News that as much as 27 percent of Westminster's drinking water is lost somewhere between the treatment plant and the town's spigots should serve as a reminder that public works don't last forever. Although city officials are not sure where the nearly 582,000 gallons of water disappear daily, no one suspects there is a water thief. The probable culprits are aging water mains and meters.
As Public Works Director Thomas E. Beyard pointed out to the City Council recently, the water system is like a human body. It ages, and it breaks down. The same goes for roads, bridges, schools, libraries and public buildings.
Once these public amenities are built, no layman gives much thought to their aging -- which is understandable. Many of the roads we drive on, bridges we cross and post offices we patronize were built six or more decades ago and work just fine. However, much of our infrastructure is operating on borrowed time. The problem is that we notice the deterioration of these public structures only when they fail completely or the maintenance costs become overwhelming.
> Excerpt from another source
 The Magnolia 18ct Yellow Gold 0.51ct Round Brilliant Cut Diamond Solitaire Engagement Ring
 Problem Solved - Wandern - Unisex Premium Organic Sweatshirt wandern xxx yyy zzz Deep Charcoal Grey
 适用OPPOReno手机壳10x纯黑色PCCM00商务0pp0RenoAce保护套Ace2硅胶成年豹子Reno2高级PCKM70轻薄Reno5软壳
During periods of austerity, such as the last three years, maintenance budgets are the first to be slashed. The unfortunate consequence is that failure to make the routine small repairs results in very expensive rehabilitation projects.
Most elected officials don't feel any urgency to preserve maintenance budgets or sink large sums into upgrading old water lines. Unlike a new project that is easy to show off and take credit for, repair of leaking water mains, broken meters, rusty expansion joints in bridges and cracked sidewalks don't excite voters and, thus, politicians. Nevertheless, a mechanism is needed to ensure that repair and maintenance projects are protected when budgets are cut.
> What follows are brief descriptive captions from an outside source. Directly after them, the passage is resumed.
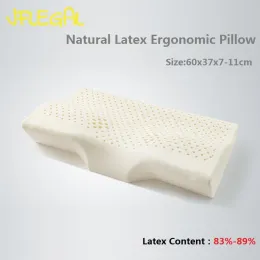 Kissen Jflegal Thailand Natural Latex Kissen Ergonomische Kissen zum schlafenden Halswirbelsäulenkissen Hals Hals -Gedächtnis Schaumkissen Kussen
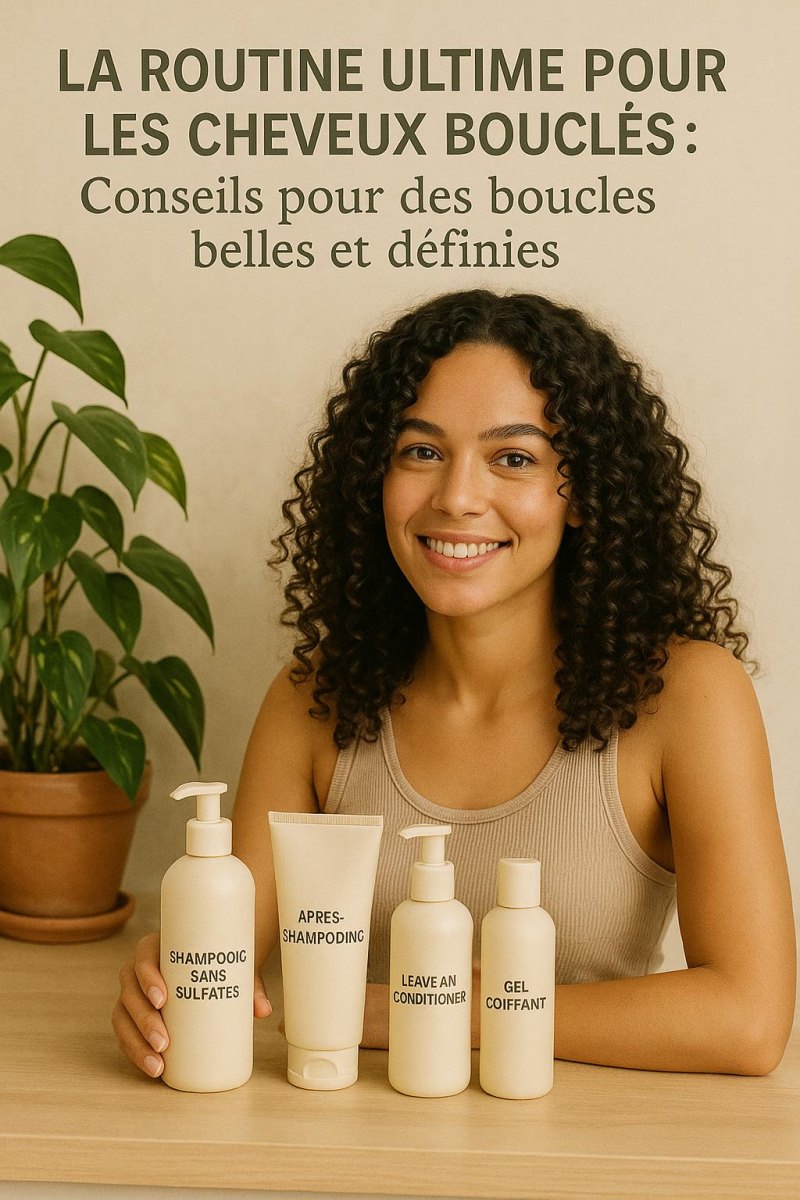Routine débutante cheveux bouclés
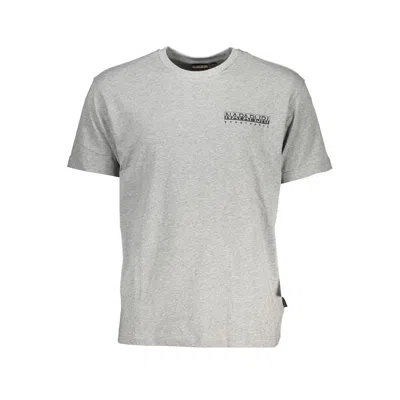 Napapijri Cotton Men's T-shirt In Grey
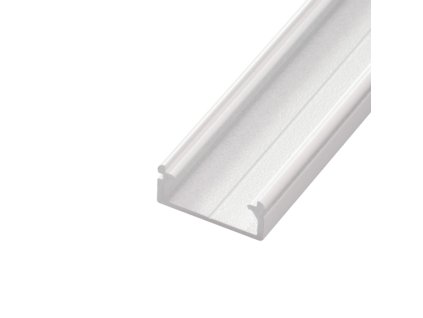 257199 led profil n14w nastenny bily profil bez krytu 1m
For the past seven years, Westminster has known that it has been losing about a quarter of the water it treats. This represents a loss of about $500,000 each year, or $3.5 million since the problem was discovered. The city is hiring a consultant to make recommendations.
It is quite likely that the city will have to raise a considerable amount of capital to repair its creaky water pipes. The bills resulting from neglect of past years are now coming due. Other government officials would be wise to take note.